Small and Medium-sized businesses (SMEs) are the backbone of the Australian economy, providing most of the employment and driving growth and productivity. However, they do not receive the funding they need to realize their full potential, resulting in missed economic opportunities.
The answer is data-driven lending. As our economy digitizes, the amount of data and the number of data sources expands exponentially. This data gives commercial brokers and the lenders they work with the opportunity to overcome historical data asymmetries between lenders and borrowers. All parties can make more informed, faster, and better lending decisions, which – in turn – leads to more funding for SMEs (thus closing the funding gap).
Data-driven lending is the process by which different digital datasets are meshed together to get a much clearer understanding of a borrowers’ future finances, both in terms of their risk profile and needs. This allows the commercial broker and the chosen lender to make better decisions, more quickly, provide a tailored solution at lower cost, and optimise customer experience.
There is a significant information asymmetry between a borrower, who has a real-time, near complete view of their business performance and position, and a lender, who must piece this together using partial, historical information sources.
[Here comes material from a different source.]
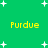 Green background with white star shapes and four instances of yellow text reading 'Purdue' in pixelated font.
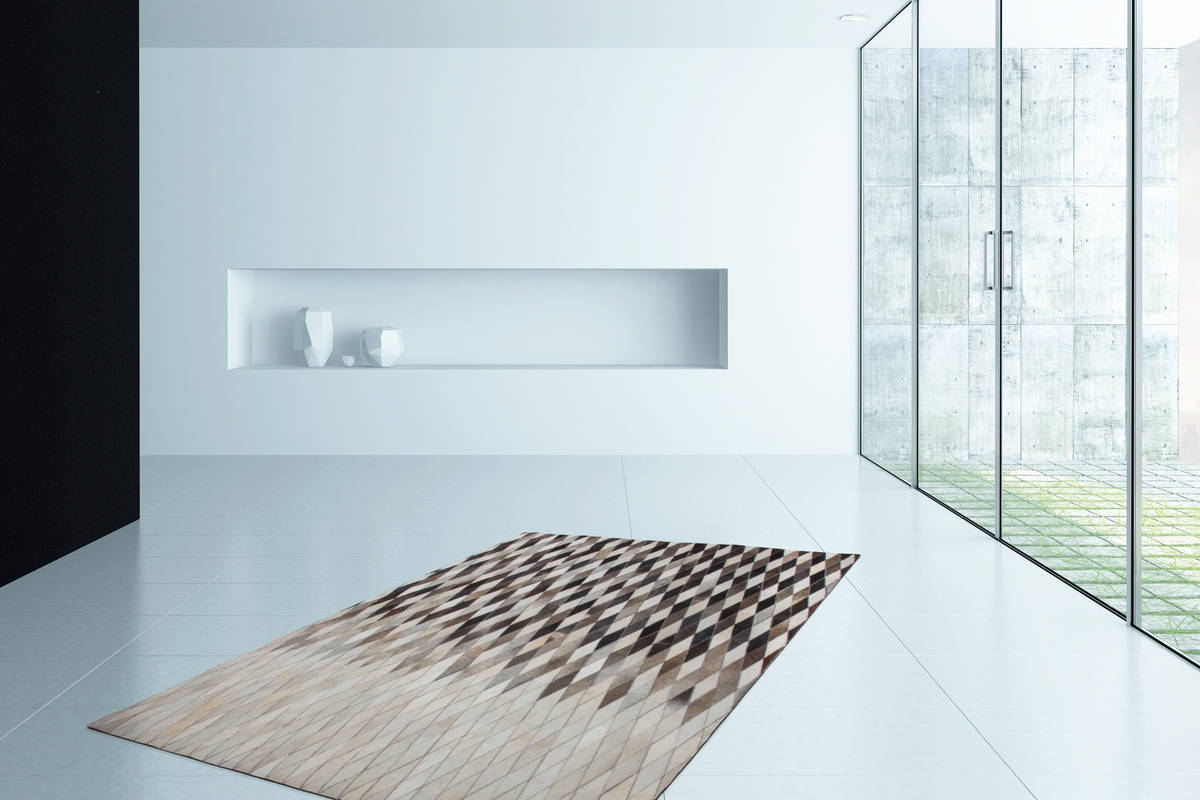 Lederteppich LAVISH 510 - grau - 120x170 cm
But this inequality doesn’t have to persist.
There’s more and more real-time information readily available (e.g. accounting, live bank feeds and logistics data) that the lender can access to bridge this asymmetry and get to a decision about whether to approve a loan more quickly and efficiently.
Furthermore, all assets, tangible or not, become data streams because the arbitrary distinction between physical assets (like buildings), which could be used as collateral, and intangible assets, which could not, is blurring.
Armed with the right data, commercial brokers and lenders can make better informed and faster lending decisions against a broader range of collateral. This can significantly increase the supply of credit to the SMEs by lenders. Further as more is known about SMEs, the flow of credit not only increases but commercial brokers and lenders can also offer the right lending services – at the right time – to match the borrower’s exact needs.
To ensure commercial brokers reach their potential as the channel of choice for SMEs, here at Cito+ we are carefully considering the data sources that can be accessed, looking for insights across multiple different data sets and enabling access to data that suits what is needed for business lending.
The smart use of data will enable those providing services to SMEs (commercial brokers and lenders) the opportunity to better structure lending solutions to their customers’ needs.
This is the promise of data-driven lending: to make lending more abundant and tailored.